O BaixoCentro é um movimento que começou sua articulação em 2011 como resposta às políticas públicas repressoras vigentes (o então prefeito era o Gilberto Kassab) e à especulação imobiliária latente na região central de São Paulo, tendo o projeto NovaLuz como representante principal, o qual estabelecia a demolição de 33% da região próxima à Sta. Ifigênia. Neste processo, se percebeu a falta da participação da sociedade civil sobre as questões urbanas e tão próximas de qualquer cidadão. Como dizíamos na época, as ruas estavam em disputa. E a sociedade não estava nem sendo considerada na discussão. Para engajar as pessoas nestas questões, então, decidimos organizar um festival de rua, sem curadoria e aberto para qualquer um com uma proposta de atividade, sem pedir permissão para a administração pública e sem receber patrocínio de iniciativa privada. Um festival feito por pessoas e para pessoas. Com tudo isso, arrecadamos quase R$ 90 mil por meio de financiamento coletivo, cuidamos de mais de 700 atividades nesses quatro anos, e incentivamos com que outros coletivos e pessoas usassem nossos equipamentos para ocupar as ruas com programação cultural gratuita. Como não tínhamos a Polícia Militar ao nosso lado (ainda bem!), não temos a fictícia contagem de público. Mas, hoje, nossas redes sociais contam com mais de 15 mil e 500 curtidas na nossa página no Facebook, quase 8 mil e 500 pessoas que fazem parte do nosso grupo de discussão também nesta rede social, e um pouco mais de 400 que recebem nossas mensagens em nosso grupo de e-mail. Escrevemos artigos para revistas acadêmicas como a revista V!RUS, da USP, e para publicações de galerias de arte, como a publicada pelo Ateliê 397; participamos de exposições internacionais sobre ativismo, como o Global Activism, da ZKM Media Museum, na Alemanha; e conseguimos com que várias pessoas não gostassem da gente (ou nos parodiassem), como o histórico Cordão da Mentira, que passou a adotar o slogan “As ruas são para lutar” em contraposição ao nosso “As ruas são para dançar”; o coletivo Zagaia, que publicou diversos textos (ou como eles chamam, artigos) sobre quão vazio era o movimento; e de diversos motoristas que tiveram seus carros sujos de tinta por causa da nossa primeira intervenção em um cruzamento na Avenida São João, em que jogamos cerca de 400 litros de tintas de diferentes cores no meio da rua para que os carros pintassem o asfalto cinza dessa enorme metrópole que é São Paulo.

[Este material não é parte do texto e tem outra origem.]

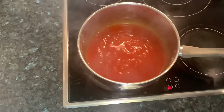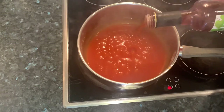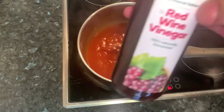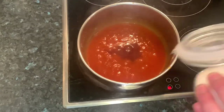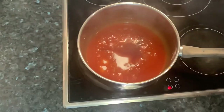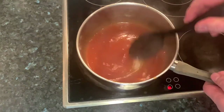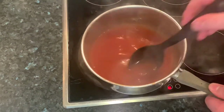Bring the sauce up to a little bit of a boil so it's bubbling away. Add about two tablespoons of the red wine vinegar and about a tablespoon and a half of caster sugar. Give it a little stir to make sure that sugar is melted right through.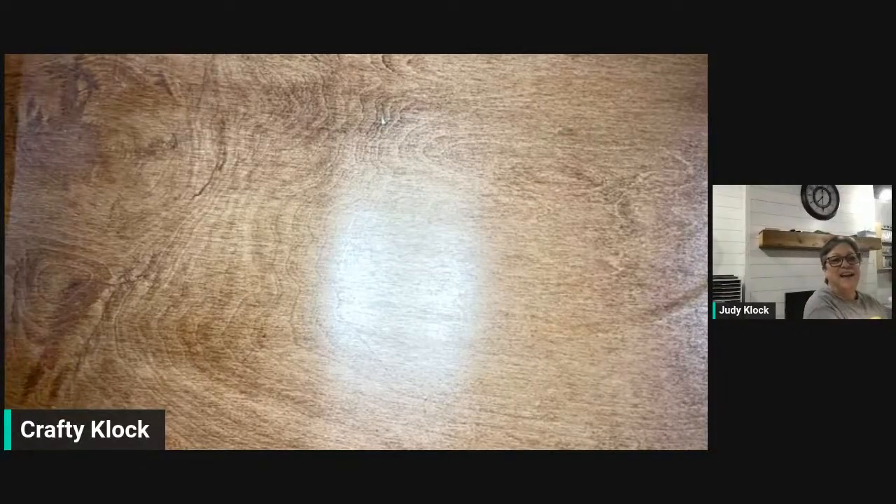Hey everybody, it's Judy Clock here at Stampin' with Crafty Clock, coming to you today for another live demo. I hope you're having a great day.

Quando estávamos nos estruturando para criar o grupo, e muito por estarmos imersos na Casa de Cultura Digital, pensamos em aplicar a metodologia das comunidades de software livre dentro de um movimento que prega o direito à cidade. A ideia era que fosse um movimento horizontal, auto-gestionado, sem hierarquias e totalmente independente. Sem tarefas definidas, um dia se podia estar batalhando na comunicação e articulação em nossas redes para virar nossos financiamentos coletivos, e no outro estar no meio da rua batendo nas janelas das casas que beiram o Minhocão para pedir uma tomada amiga. Cada um pega a tarefa que quer e que mais se identifica, sem precisar se pensar em ter uma educação formal ou experiência com determinada tarefa. Desta forma, também, não se fincaria o movimento a determinadas pessoas e possibilitaria com que ele fosse mais flexível, com cada um ocupando as lacunas que faltavam de forma orgânica.
Isso tudo na teoria.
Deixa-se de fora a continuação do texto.